Born and brought up in Milwaukee, she went to Northwestern, but knew early on she wanted to be a writer, having started writing “poetry” when she was still a child. She also wanted to live in Hollywood. This was not an unusual dream for many of us born in that era of the last half of the last century. Hollywood was still known as the Dream Factory and not a few of us wanted to live there and work there.
Susan’s parents objected to the distance since she was an only child. Nevertheless she had an uncle who lived there (and was very important in the industry as a writer and producer – Cy Howard) who was willing to look after her safety, and so she was allowed.
When she was finished with school and committed to remaining, she signed up to become a movie extra. That entailed classic Hollywood experiences with stars such as Steve McQueen and Elvis, which add spice to her tale of pursuing her dreams. From there she took a job in production of a new TV show called “Rowan and Martin’s Laugh-In” — one of the most popular variety shows of the late ‘60s — which brought stardom to Lily Tomlin and Goldie Hawn.
From there doors opened and Susan was now certain that she could write comedy. Women writing sitcoms and comedy were new and few in the industry, but by the early ‘70s she had written her first three episodes of the “Mary Tyler Moore Show.” From there, in the next decade, by 1980, she was one of the most prolific comedy sitcom writers, as well as screenwriter of Movie-of-the-Weeks.
By the 1980s, Susan was one of the most productive and successful television writers in the business. She’d also prospered to the point where she decided to take a break and pursue some other interests.
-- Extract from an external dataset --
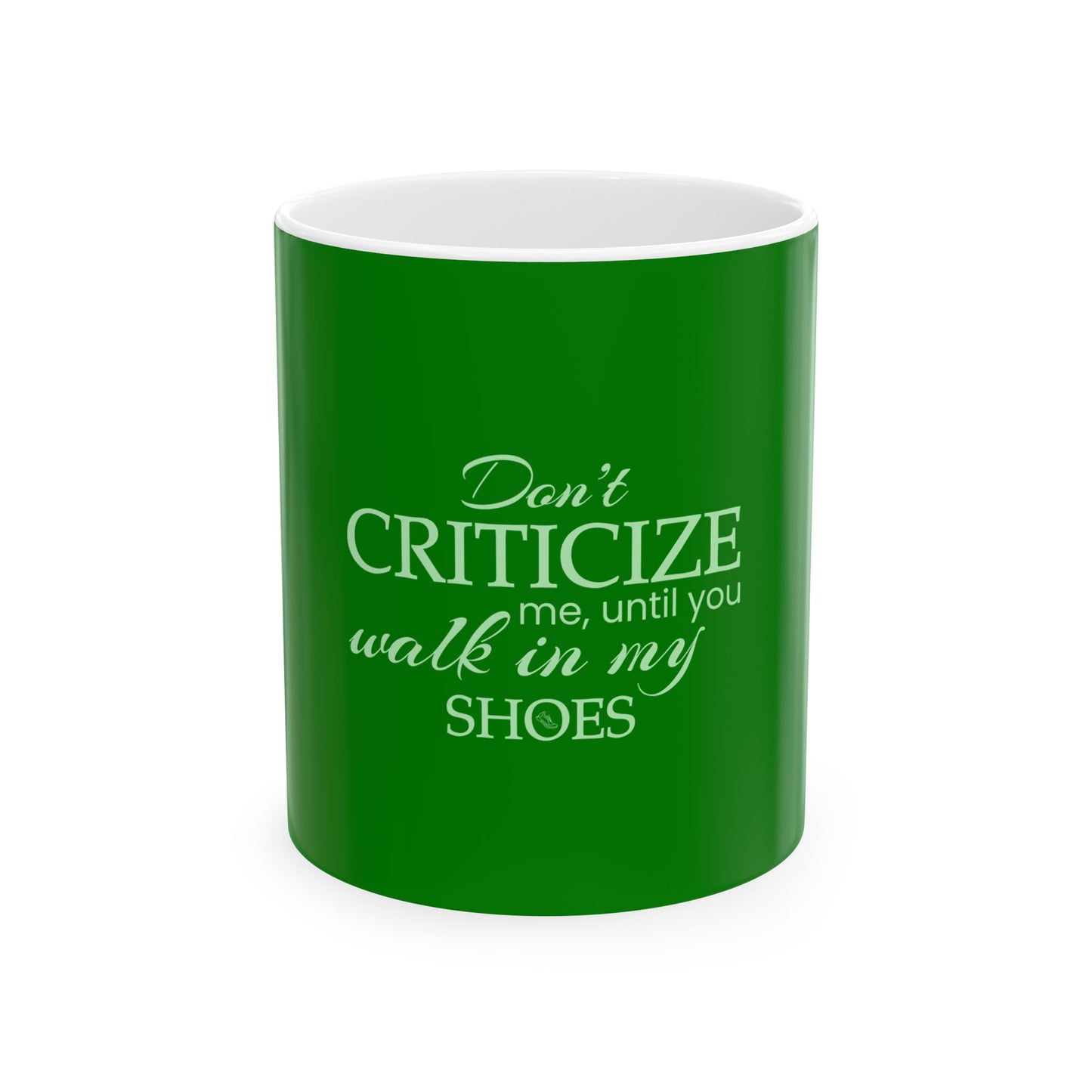 Green Ceramic Mug 17, (11oz, 15oz)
That was when she rented out her house in Sherman Oaks and acquired a Fifth Avenue apartment where she still lives today.
Her stories about Hollywood are true and demonstrate the nature of life in that community of make believe and make-believin’. But aside from the glitz and the glamour and funny peculiarities of life in Lotusland, this is really the story about a liberated American woman who made a life and a career out of what could have been only a dream. She tells it in her contemporary wit as a humorist and screenwriter, always providing the bits that can make you laugh. But beyond that, her life has been a treatise to modern American womanhood, something any woman (and many men) can admire for her pluck, her stamina, and her unflagging optimism. Which probably comes from her relationship with her father who adored her. She adored him, too.